Thor either you don't get out much or Texas is really big. Man, that is a great find! Any more little places like that and you'll have a neighbor that talks funny.


----------



## Thorlifter (Mar 19, 2008)

freebird said:


> Did you ever get down to Uvalde?



Freebird, I grew up hunting all around Uvalde, Hondo, and Yancey. I have some very good friends that have lived in Uvalde all their lives.



Njaco said:


> Behind the rocks.
> 
> Thor either you don't get out much or Texas is really big. Man, that is a great find! Any more little places like that and you'll have a neighbor that talks funny.



We have towns bigger than New Jersey!!!! ha ha ha


----------



## Njaco (Mar 19, 2008)




----------



## A4K (Mar 19, 2008)

Great shots Thor! 
That AA gun was a 20-mm Oerlikon I think, and the tank a Japanese type 97 if I remember right.


----------



## Marshall_Stack (Mar 19, 2008)

The AA gun with the ugly guy at the helm  appears to a dual 40mm Bofors gun.


----------



## DBII (Mar 19, 2008)

It is as bad as trying to see the waterfalls in the breaking news thread.
I wish you did not tell everyone about the museum. Now there is going to be a crowd. Fredricksburg is a nice place to hang out. If you go, book a room at the Hanger Hotel

Hangar Hotel

DBII


----------



## Njaco (Mar 19, 2008)

You won't set us up in your place DB? I'm sure the missus wouldn't mind! 
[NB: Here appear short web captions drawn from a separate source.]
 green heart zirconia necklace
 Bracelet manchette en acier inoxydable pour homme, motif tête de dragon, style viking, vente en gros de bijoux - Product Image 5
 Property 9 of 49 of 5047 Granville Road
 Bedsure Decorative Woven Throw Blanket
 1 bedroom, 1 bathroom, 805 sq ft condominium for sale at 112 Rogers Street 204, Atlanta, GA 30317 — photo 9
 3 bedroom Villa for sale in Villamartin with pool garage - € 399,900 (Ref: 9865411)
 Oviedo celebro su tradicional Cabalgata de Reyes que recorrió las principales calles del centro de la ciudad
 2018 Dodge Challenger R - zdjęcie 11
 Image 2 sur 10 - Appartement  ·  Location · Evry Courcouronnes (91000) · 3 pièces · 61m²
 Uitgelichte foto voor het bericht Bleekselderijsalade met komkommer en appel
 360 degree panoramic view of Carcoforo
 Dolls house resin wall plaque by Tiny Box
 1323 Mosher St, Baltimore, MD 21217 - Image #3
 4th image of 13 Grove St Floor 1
All these things Thor is finding has got me itchin'. Summers coming!!


----------



## Freebird (Mar 19, 2008)

Thorlifter said:


> Freebird, I grew up hunting all around Uvalde, Hondo, and Yancey. I have some very good friends that have lived in Uvalde all their lives.



I've driven down a few times from Canada on 25 287 to Amarillo, then down on the 84 to Sweetwater and then on the 83 through Junction to Laredo. It's a fantastic drive through the hill country around Uvalde. I'll have to stop in Fredricksburg to see the sights sometime, maybe I'll see you there too?


----------